The gang from Indochino, including CEO Kyle Vucko and President Heikal Gani, has arrived in Washington. From March 2nd through the 10th, the company’s tailors and stylists will show customers around their product line of suits, shirts and accessories and take measurements out of Living Social’s 918 F Street NW location. Here’s a look inside the experience based on a visit during their March 1 media preview.
Upon entering, customers are met by a concierge who will check them in and walk upstairs to their fit specialists and stylists. Upstairs, the space is separated into two rooms: a showroom and fitting rooms (fitting pods, actually).

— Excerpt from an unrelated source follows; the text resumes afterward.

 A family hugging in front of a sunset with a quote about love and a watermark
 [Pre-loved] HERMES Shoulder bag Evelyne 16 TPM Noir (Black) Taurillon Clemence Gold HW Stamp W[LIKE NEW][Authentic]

In the showroom, large bolts of suiting fabrics are laid out along with samples of finished suits, shirts and accessories. As someone who has never ordered from Indochino before, it was nice to have the opportunity to see and feel fabrics in person as well as to talk to some of the many team members humming around the installation.
Over at the fitting rooms, a tailor will take a series of measurements and ask questions about fit preference. It helps to go in knowing and being able to articulate what you like. The tailors — or my tailor at least — don’t just take measurements and ask whether you want a “classic” or “modern” fitting suit. From the height of the armholes to the amount of tapering in the legs of the trousers, there were a lot of decisions to make, which is great if you have ever given these things some thought but might be intimidating if you have not. (Customers can take advantage of Indochino’s fit promise if their garment doesn’t come out the way they imagined, but knowing things such as how form fitting you like your pants and where you want your suit jacket to fall will help get the suit right the first time.)

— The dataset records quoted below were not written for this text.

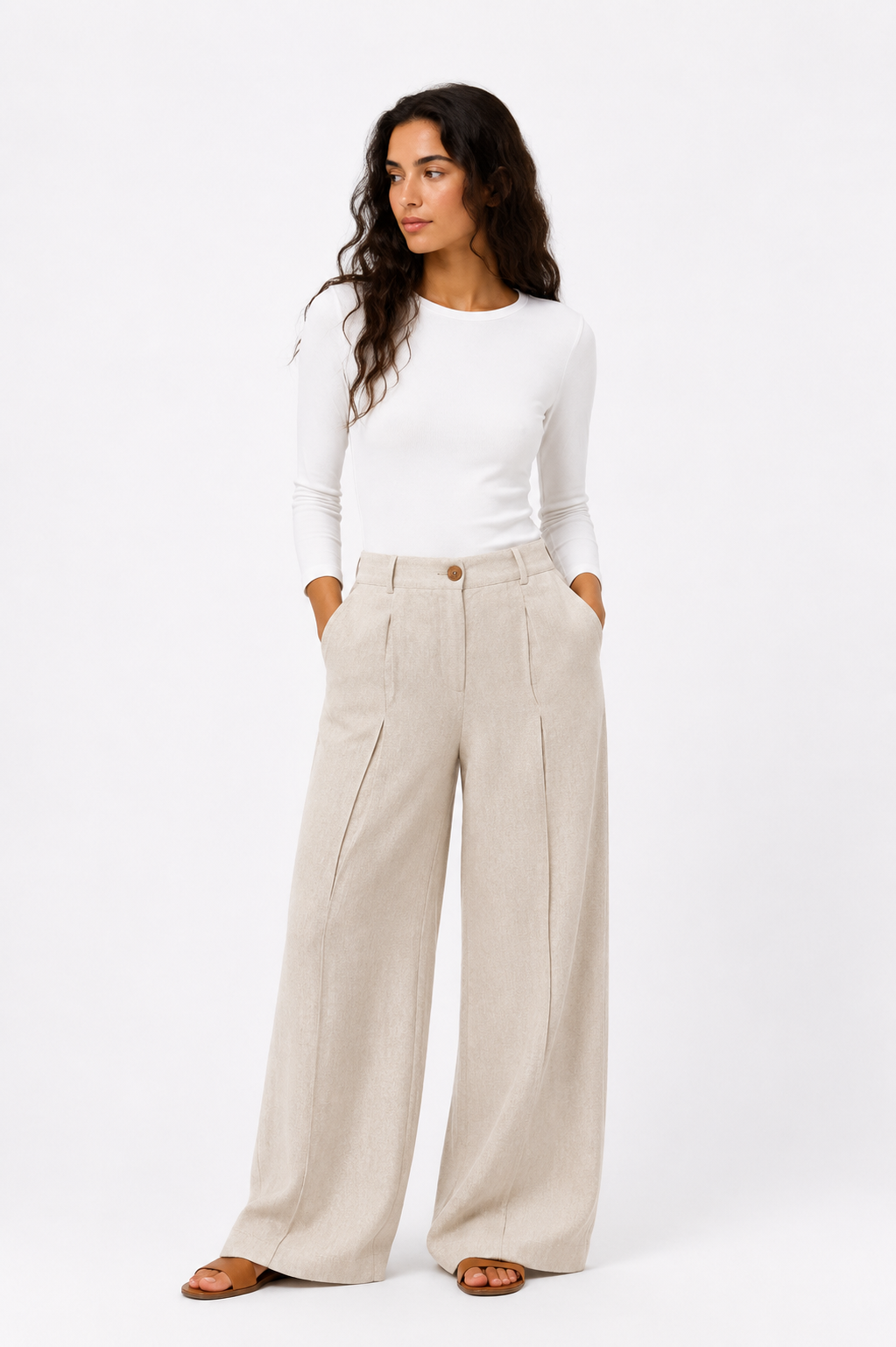 Linen Pant - Beige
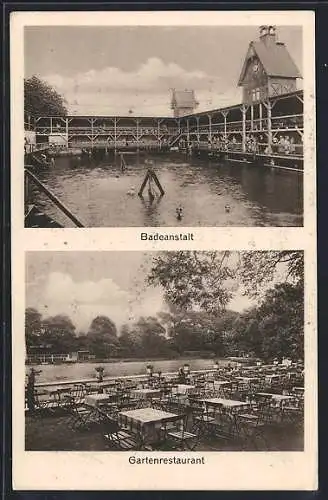 AK Berlin-Plötzensee, Privat-Badeanstalt mit Garten-Restaurant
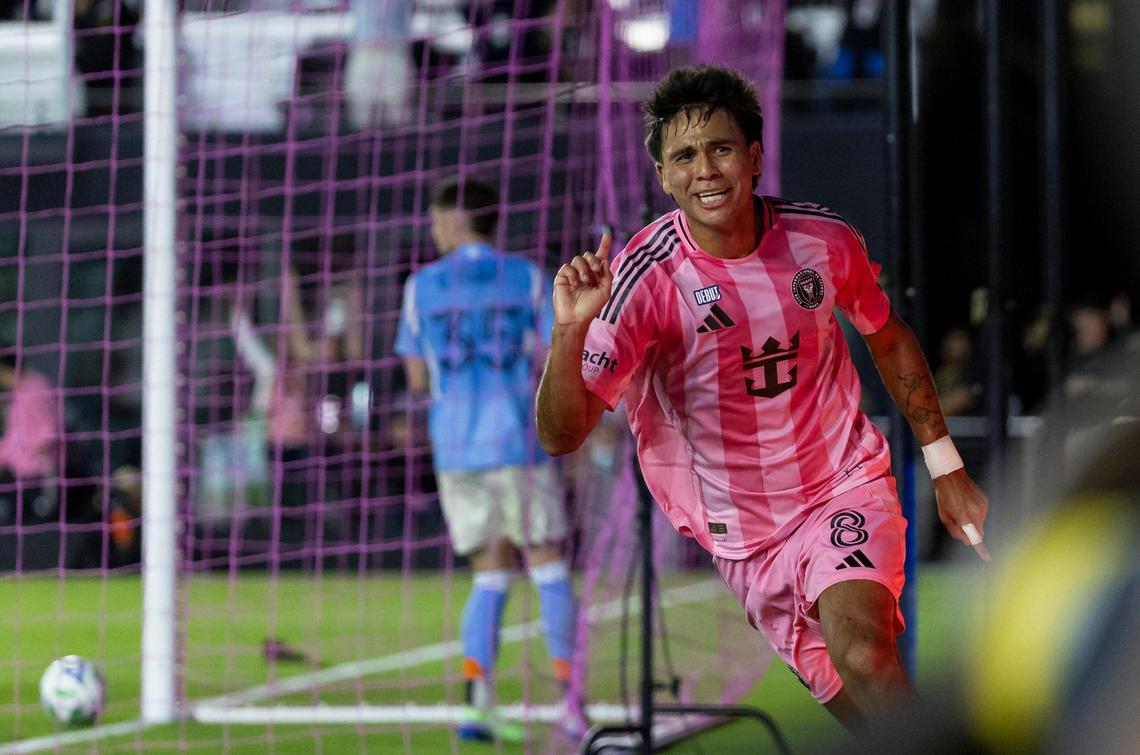 Inter Miami midfielder Telasco Segovia (8) celebrates after scoring a goal against New York City goalkeeper Matt Freese (49) in the second half of their MLS match at Chase Stadium on Saturday, Feb. 22, 2025, in Fort Lauderdale, Fla.
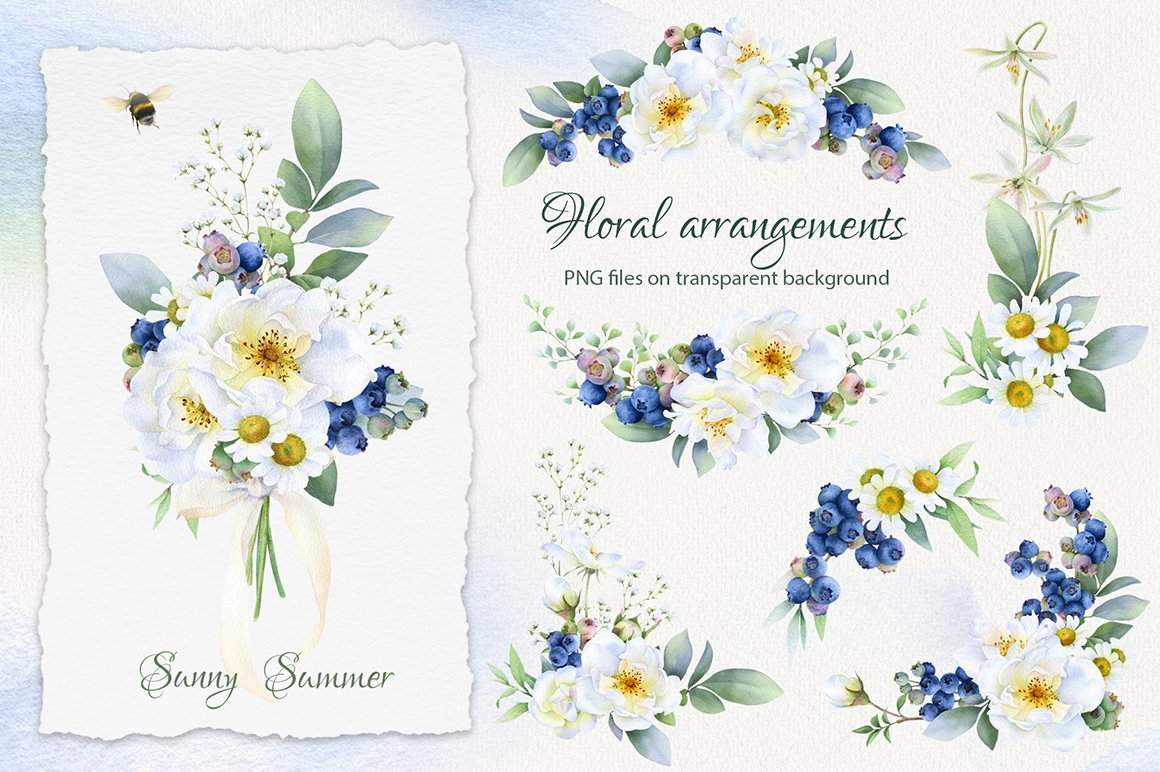 Sunny Summer Hand Drawn Watercolor Collection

The best way to guarantee a visit with the tailor is to make an appointment, though Indochino indicated that they are accepting a limited number of walk-ins as well. Buzzing around the space during the media preview, a representative said the company had already met its targets for booking appointments, suggesting that DC men are at least intrigued by Indochino and its contribution to alternative retail.
It is nice to see companies like Indochino and Bonobos using Washington to experiment with non-traditional, digital-age retail concepts. Through March 10, you can check them out for yourself.